Your copy should repeat each record below exactly and contain no images.

-- -- --

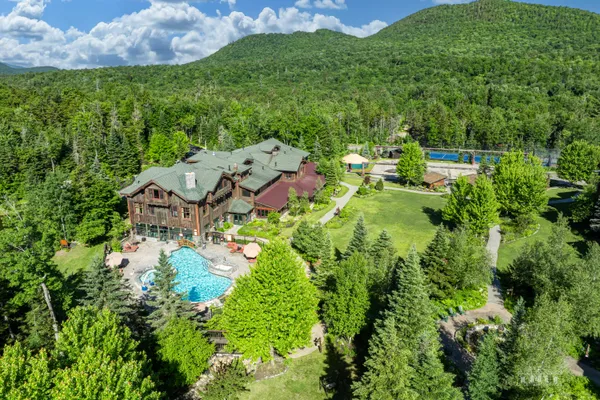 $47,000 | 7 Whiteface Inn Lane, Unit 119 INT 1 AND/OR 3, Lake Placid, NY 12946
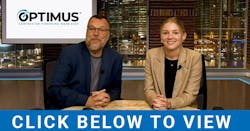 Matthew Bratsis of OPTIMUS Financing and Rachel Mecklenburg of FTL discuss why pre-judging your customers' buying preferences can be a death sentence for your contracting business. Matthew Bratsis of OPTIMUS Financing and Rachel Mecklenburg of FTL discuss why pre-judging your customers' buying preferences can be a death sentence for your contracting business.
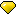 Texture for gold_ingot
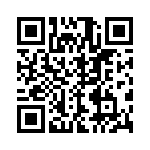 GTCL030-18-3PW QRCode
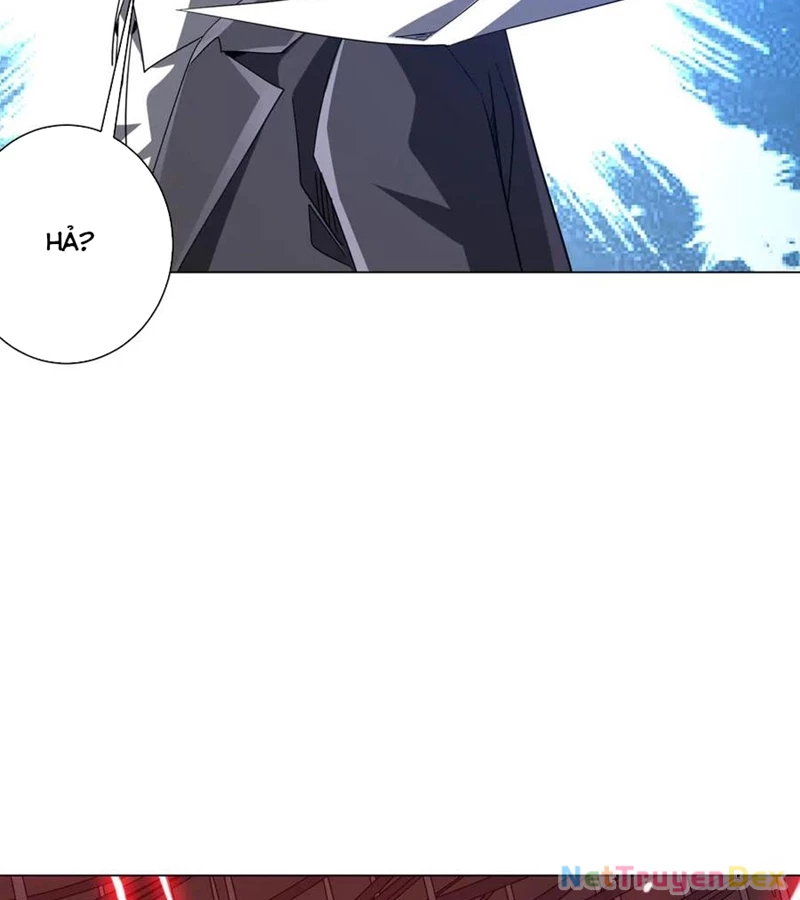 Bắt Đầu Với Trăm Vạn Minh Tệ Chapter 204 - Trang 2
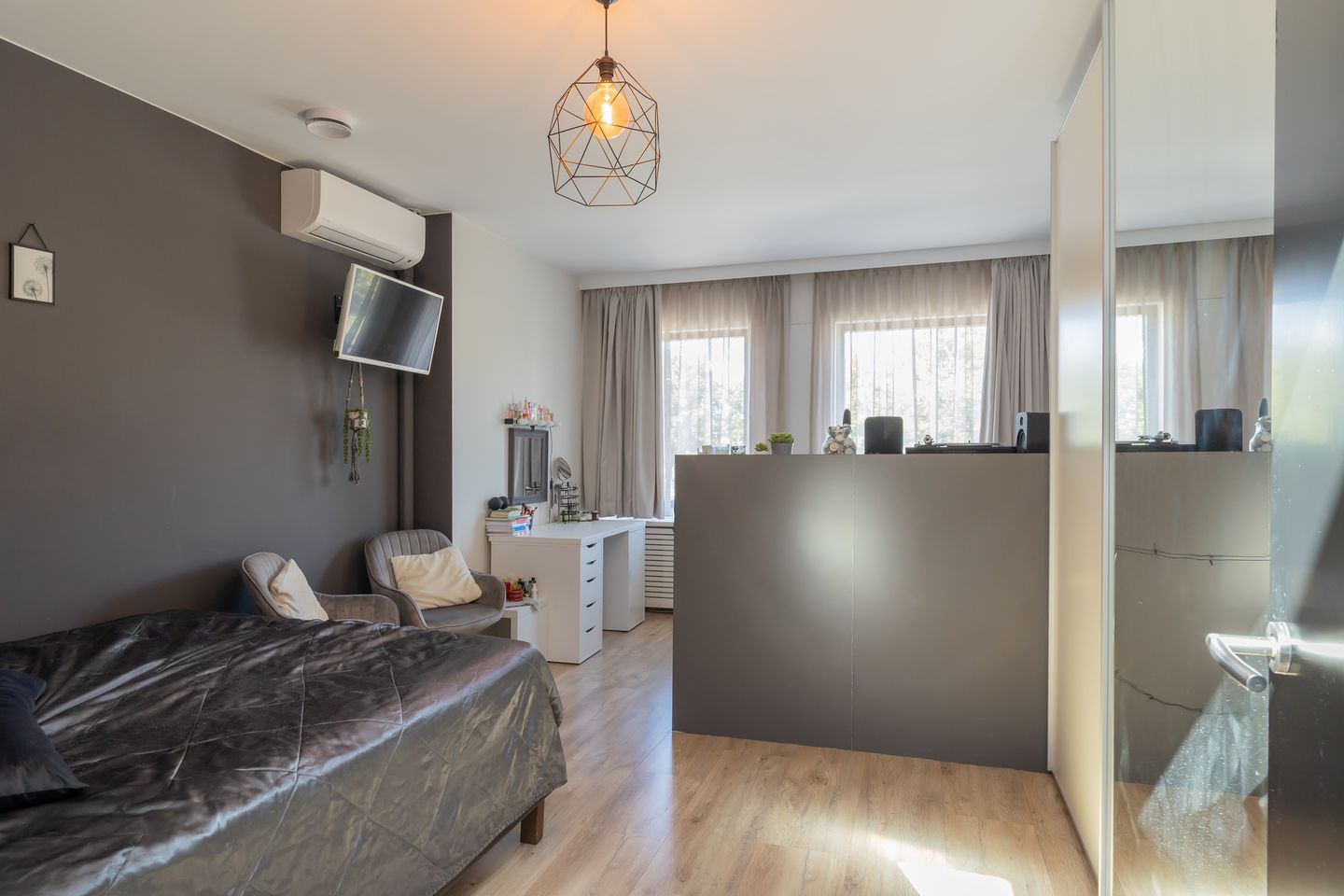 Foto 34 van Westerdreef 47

-- -- --

Response below:
 $47,000 | 7 Whiteface Inn Lane, Unit 119 INT 1 AND/OR 3, Lake Placid, NY 12946
 Matthew Bratsis of OPTIMUS Financing and Rachel Mecklenburg of FTL discuss why pre-judging your customers' buying preferences can be a death sentence for your contracting business. Matthew Bratsis of OPTIMUS Financing and Rachel Mecklenburg of FTL discuss why pre-judging your customers' buying preferences can be a death sentence for your contracting business.
 Texture for gold_ingot
 GTCL030-18-3PW QRCode
 Bắt Đầu Với Trăm Vạn Minh Tệ Chapter 204 - Trang 2
 Foto 34 van Westerdreef 47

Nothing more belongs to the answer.